Verified selected Together AI serverless inference prices from the official Together AI pricing page.

https://www.together.ai/pricing

2026-07-04 · xAI

Verified Grok Build 0.1 token pricing from the official xAI docs overview.

https://docs.x.ai/overview

2026-07-04 · TLDL

Kept Mistral, Fireworks token inference, and OpenRouter aggregate pricing as source-pending where the official source is not a stable per-model token table in this dataset yet.

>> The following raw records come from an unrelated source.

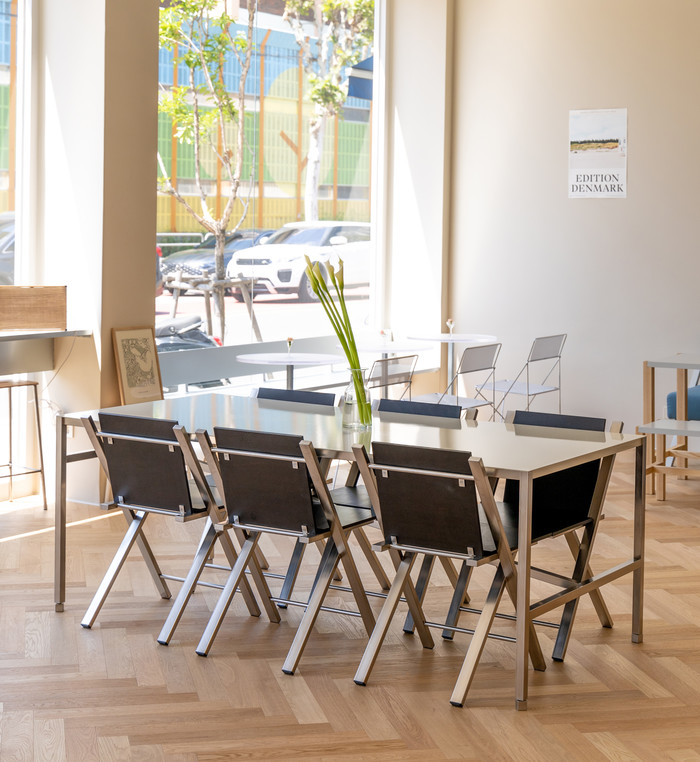 <div style="margin-left:6px;"> <p style="font-size: 16px; font-weight:500; margin-bottom:4px; line-height:1.2;">MITBORD SEOUL</p>  <p style="font-size: 12px; line-height:1.6; font-weight:400; margin-bottom:9px;">서울시 성동구 성수일로 1</p><p style="font-size: 10px; font-weight: 400; text-decoration:underline; ">더 알아보기</p> </div>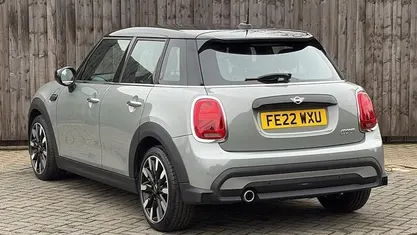 Used 2022 Mini Cooper Exclusive Hatchback | £17,299 (Fair price)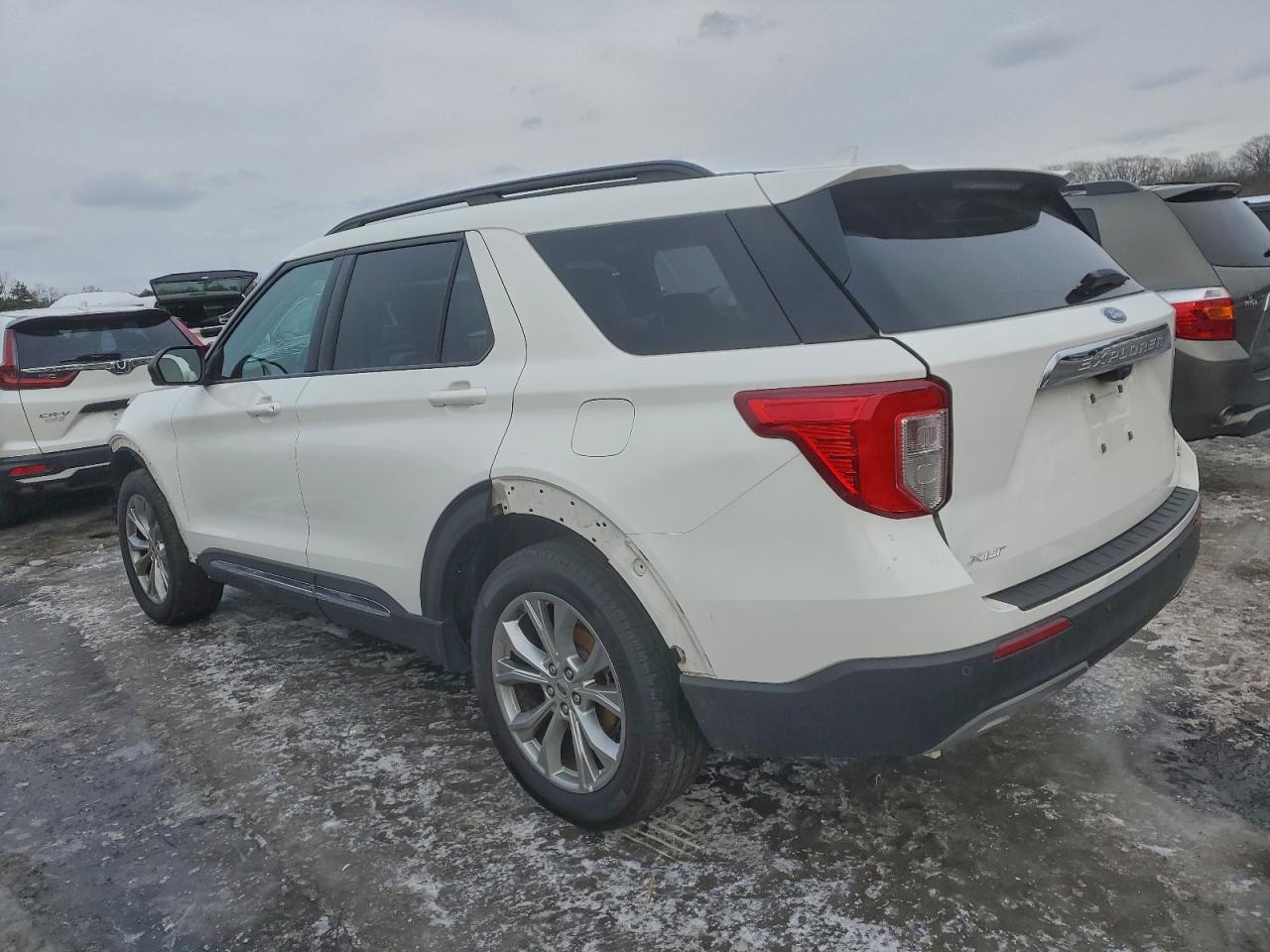 Ford Explorer Xlt Image 5
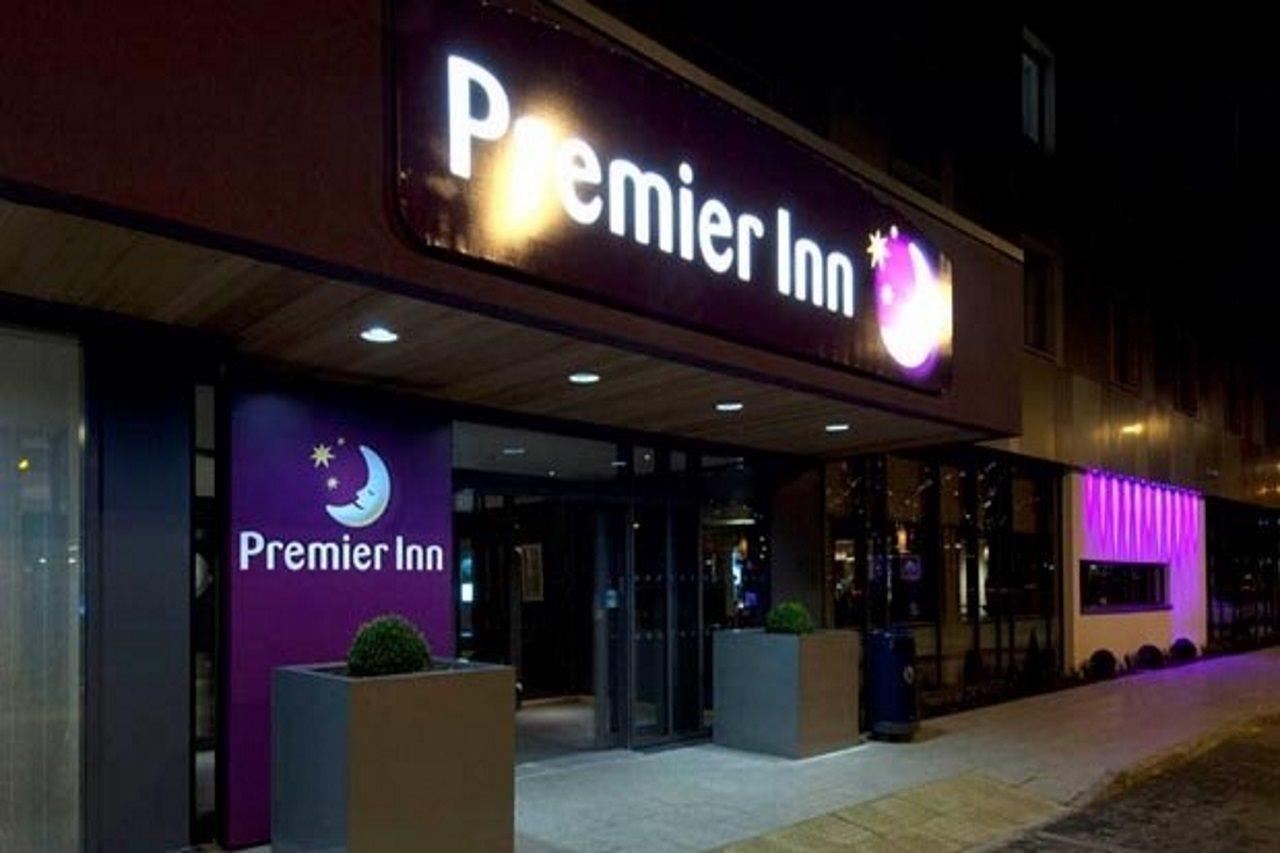 Premier Inn London Heathrow Terminal 5 West Drayton  Exterior photo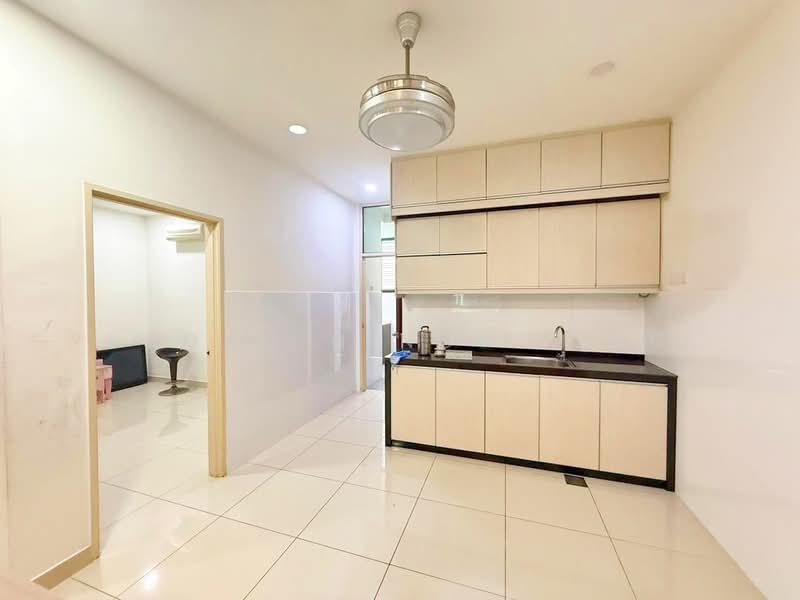 2-storey Terraced House for Sale in Taman Seri Austin (Tebrau) - Loong Hing Liong - Kitchen - PropertyGuru.com.my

https://www.tldl.io/api/pricing.json

This page ranks only models with verified pricing in TLDL's shared dataset. The table above is generated from the same source used by the public pricing API, the LLM API pricing comparison, and the LLM cost calculator.

Pending providers are tracked but excluded from cheapest-model claims until their official source data is verified. That rule prevents stale copied numbers from being ranked as if they were current.

Current verified budget options

The verified table above is the source of truth. Sort by input price for routing, extraction, classification, and batch-analysis workloads. Sort by output price for summarization, chat, long-form generation, and agent workflows where responses can become large.

When cheap is not actually cheap

Low token prices can be offset by retries, weaker tool calling, latency, lower success rates, or longer generated outputs. Test cost per completed task, not just cost per token.

How to compare models

Use the LLM cost calculator with your expected input tokens, output tokens, and cache behavior. A small model can be cheaper for simple routing and more expensive for hard tasks if it needs repeated calls.